> **Exercise data**
------------------------------------

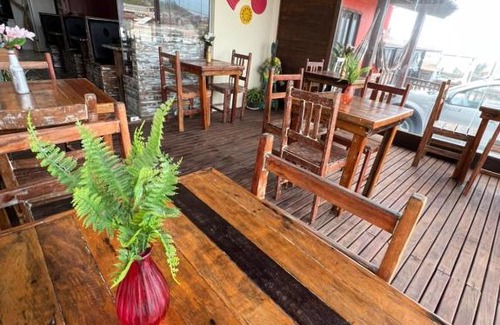 Laguna Hotel | Family-Friendly Pousada Vista ao Farol with Pool Access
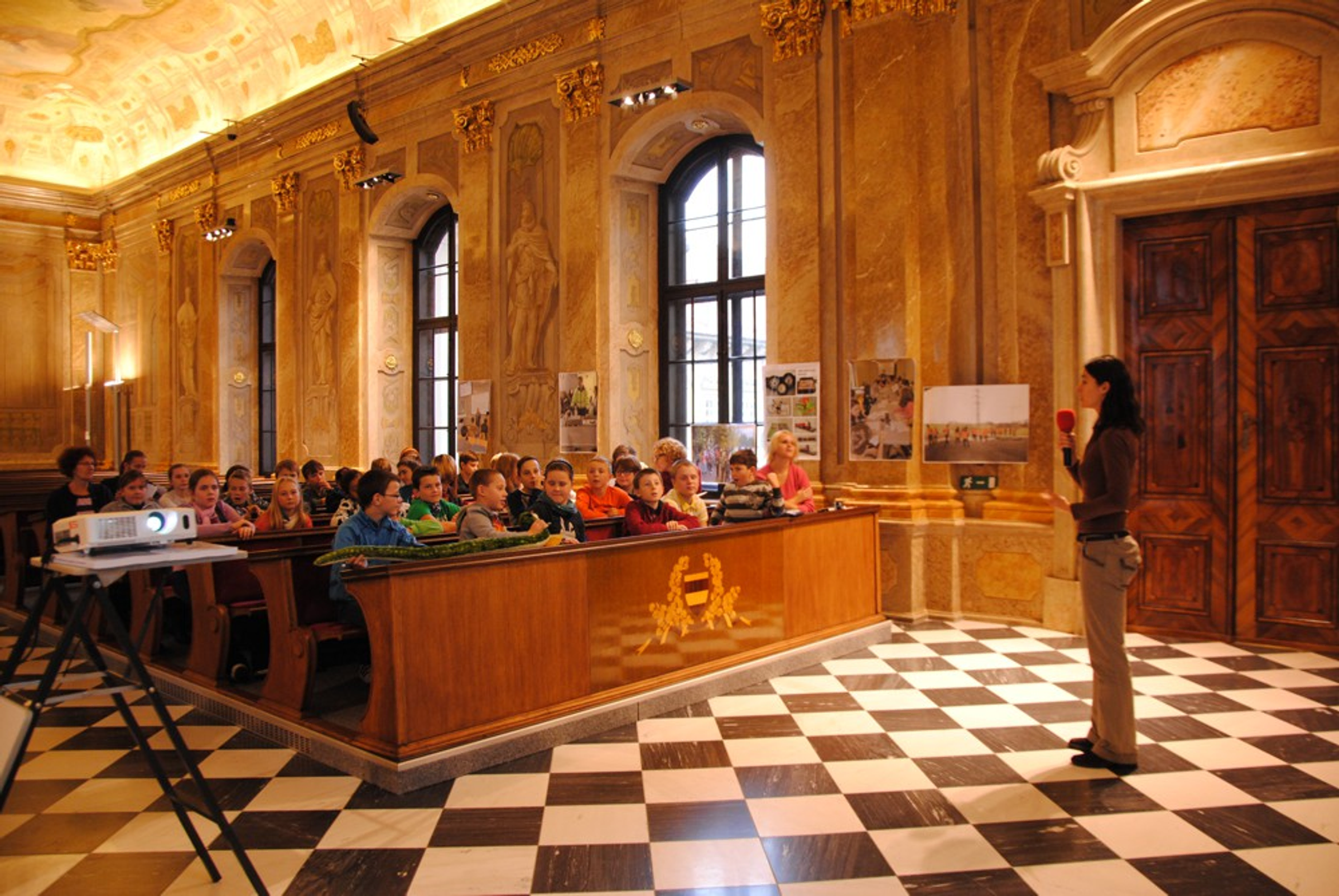 Brněnské děti si vyzkoušely řízení auta v budově magistrátu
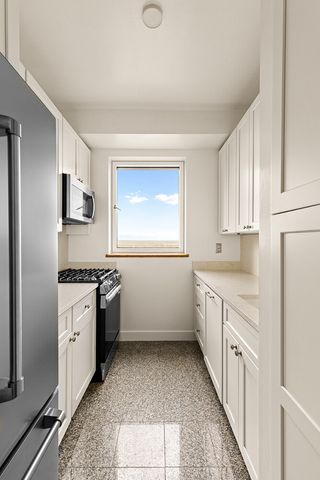 301 W 57th St Apt 45E, New York City, NY 10019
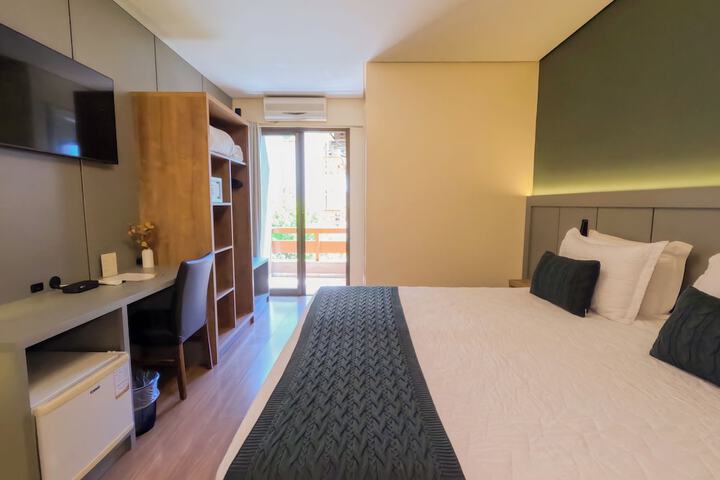 Room 44 of 95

------------------------------------

> **About this exercise**
Could you transcribe the material above exactly, keeping every picture out?

> **Result of this task**
 Laguna Hotel | Family-Friendly Pousada Vista ao Farol with Pool Access
 Brněnské děti si vyzkoušely řízení auta v budově magistrátu
 301 W 57th St Apt 45E, New York City, NY 10019
 Room 44 of 95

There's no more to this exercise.